What you will do: Would you repeat word for word the lines of the listing that follows, from the one with "Pin on Life" up to and including the one with "Muhamma59510434's tweet photo.", and leave out the images?

Data supplied:
=== Begin Enclosure ===
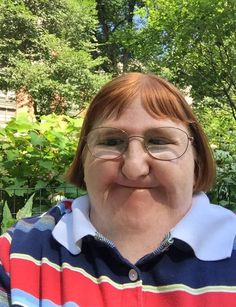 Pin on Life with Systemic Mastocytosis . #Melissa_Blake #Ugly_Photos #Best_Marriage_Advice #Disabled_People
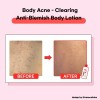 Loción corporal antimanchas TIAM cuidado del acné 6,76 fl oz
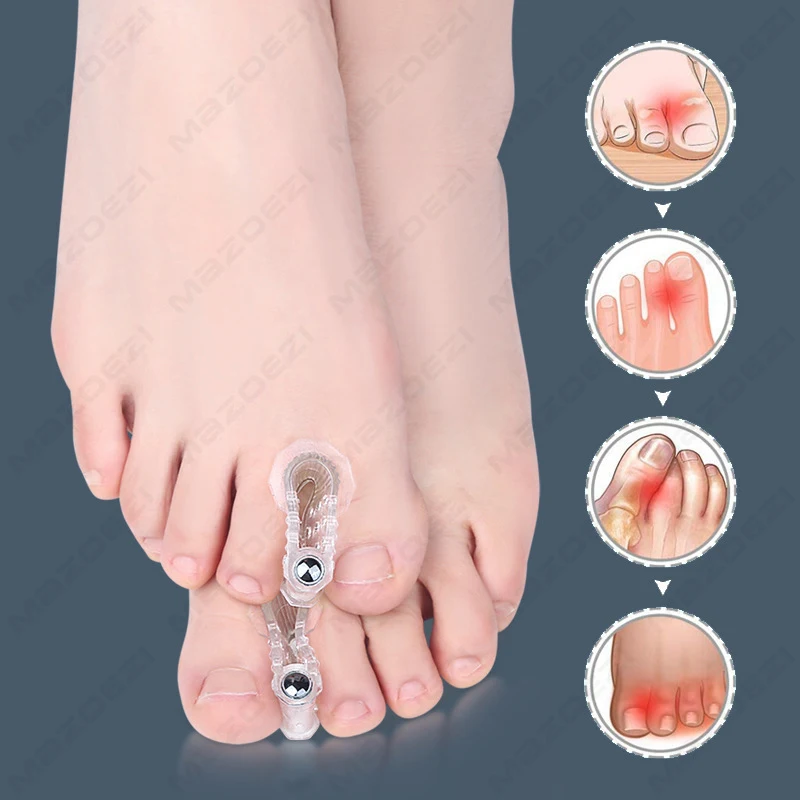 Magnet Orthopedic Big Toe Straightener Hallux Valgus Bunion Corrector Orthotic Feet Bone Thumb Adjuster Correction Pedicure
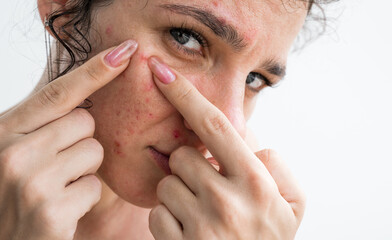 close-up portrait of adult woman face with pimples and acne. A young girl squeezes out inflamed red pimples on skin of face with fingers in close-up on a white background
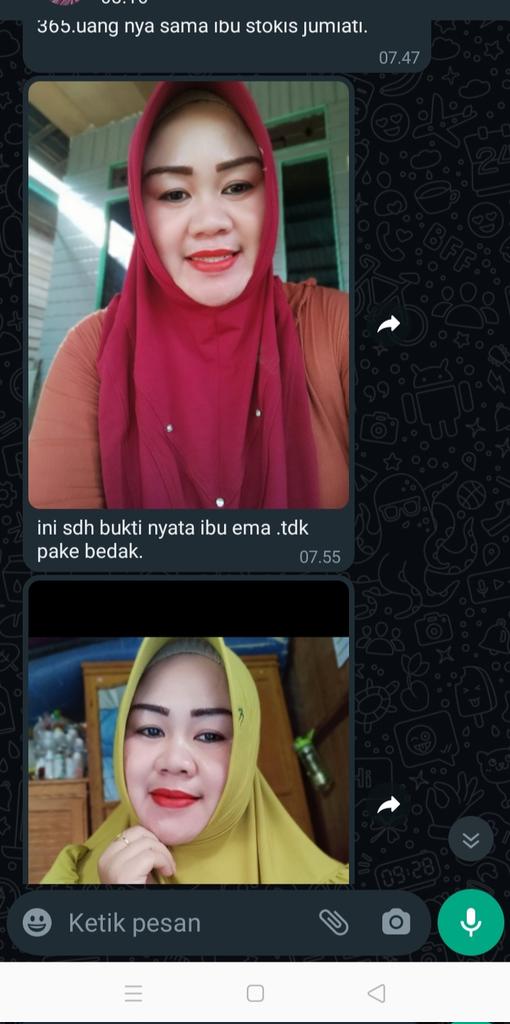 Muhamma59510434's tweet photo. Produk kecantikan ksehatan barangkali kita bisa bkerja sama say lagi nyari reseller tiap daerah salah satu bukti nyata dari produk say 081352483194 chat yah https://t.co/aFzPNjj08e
=== End Enclosure ===
=== Begin Enclosure ===
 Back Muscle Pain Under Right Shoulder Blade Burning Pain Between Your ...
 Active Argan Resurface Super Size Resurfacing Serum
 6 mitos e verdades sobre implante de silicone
=== End Enclosure ===
=== Begin Enclosure ===
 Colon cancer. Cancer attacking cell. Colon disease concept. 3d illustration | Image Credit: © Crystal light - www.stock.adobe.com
=== End Enclosure ===
Solution:
 Pin on Life with Systemic Mastocytosis . #Melissa_Blake #Ugly_Photos #Best_Marriage_Advice #Disabled_People
 Loción corporal antimanchas TIAM cuidado del acné 6,76 fl oz
 Magnet Orthopedic Big Toe Straightener Hallux Valgus Bunion Corrector Orthotic Feet Bone Thumb Adjuster Correction Pedicure
 close-up portrait of adult woman face with pimples and acne. A young girl squeezes out inflamed red pimples on skin of face with fingers in close-up on a white background
 Muhamma59510434's tweet photo. Produk kecantikan ksehatan barangkali kita bisa bkerja sama say lagi nyari reseller tiap daerah salah satu bukti nyata dari produk say 081352483194 chat yah https://t.co/aFzPNjj08e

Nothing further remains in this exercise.